Today’s 2021 Clark Medal goes to the Harvard econometrician Isaiah Andrews, and no surprise. Few young econometricians have produced such a volume of work so quickly. And while Andrews has a number of papers on traditional econometric topics – how to do high-powered inference on non-linear models, for instance – I want to focus here on his work on what you might call “strategic statistics”.

To understand what we mean by that term, we need to first detour a bit and understand what econometrics is anyway. The great Joseph Schumpeter, in a beautiful short introduction to the new Econometric Society in 1933, argues that economics is not only the most mathematical of the social or moral sciences, but of *all *sciences. How can that be? Concepts in physics like mass or velocity are surely quantitative, but must be measured before we can put some number of them. However, concepts in economics are fundamentally quantitative: our basic building blocks are prices and quantities. From these numerical concepts comes the natural desire to investigate the relationship between them: estimates of demand curves go back at least to Gregory King and Charles D’Avenant in the 17th century! The issue is not that economics is amenable to theoretical investigation. Rather, from King on forward through von Thunen, Cournot, Walras, Fisher and many more, economics is a science where numerical data from the practice of markets is combined with theory.

Econometrics, then, is not simply statistics, a problem of computing standard errors and developing new estimators. Rather, as historians of thought like Mary Morgan and Ray Epstein have pointed out, econometrics is a unique subfield of statistics because of its focus on identification is models where different variables are simultaneously determined. Consider estimating how a change in the price of iron will affect sales. You observe a number of points of data from prior years: at 20 dollars per ton, 40 tons were sold; at 30 dollars per ton, 45 tons were sold. Perhaps you have similar data from different countries with disconnected markets.
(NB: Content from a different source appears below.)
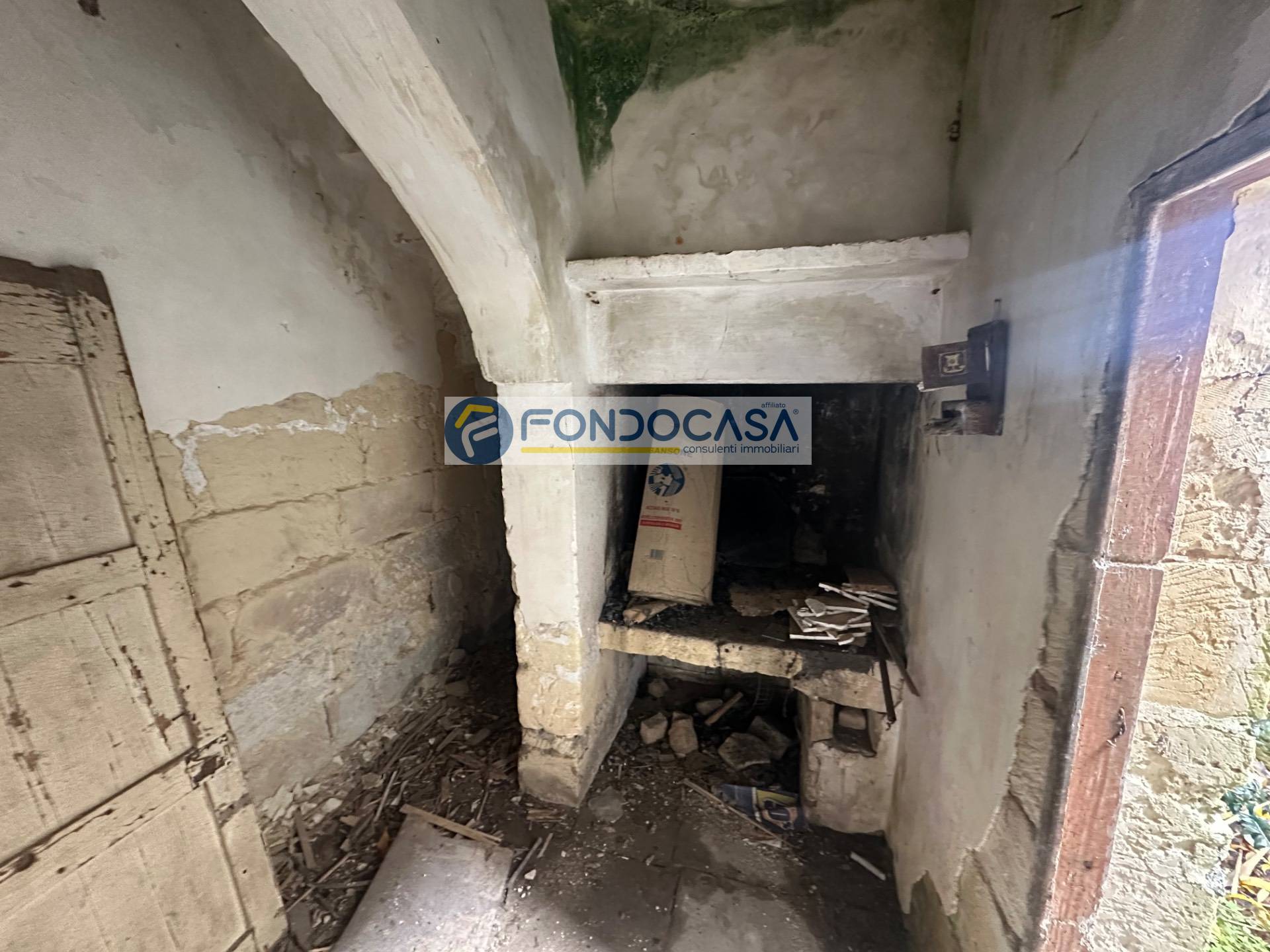 Casa indipendente in vendita a Lizzanello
Even in the 1800s, the tool of linear regression with controls was known. Look at the numbers above: 40 tons sold at $20, and 45 tons at $30. The demand curve slopes up! The naïve analyst goes to Mr. Carnegie and suggests, on the basis of past data, that if he increases the price of iron, he will sell even more!

The problem with running this regression, though, should be clear if one starts with theory. The price of iron depends on the conjunction of supply and demand, on Marshall’s famous “scissors”. Our observational data cannot tell us whether changes in the price-quantity pairs observed happened because demand or supply shifted. This conflation is common in public reasoning: we observe that house prices are rising very quickly at the same time as many new condos are being built in the neighborhood, and think the latter is causing the former. Correctly, however, both the price increase and the new construction can occur if demand for living in the neighborhood increases and the marginal cost of construction is increasing. Supply and demand is not the only simultaneous stochastic equation model in economics, of course: anything with strategic behavior that determines an equilibrium will be as well.

This causal identification problem goes back at least to what Trygve Haavelmo pointed out in 1943. The past relationship between prices and quantities sold is not informative as to what will happen if I *choose *to raise prices. Likewise, though rising prices and new construction correlate, if we choose to increase construction in an area, prices will fall. Though there is an empirical link between rising prices and a strong economy, we cannot generate a strong economy in the long run just by inflating the currency. Econometrics, then, is largely concerned with the particular statistical problem of *identifying* certain parameters that explain what will happen if we change one part of the system through policy or when we place people with different known preferences, costs, and so on in the same strategic situation.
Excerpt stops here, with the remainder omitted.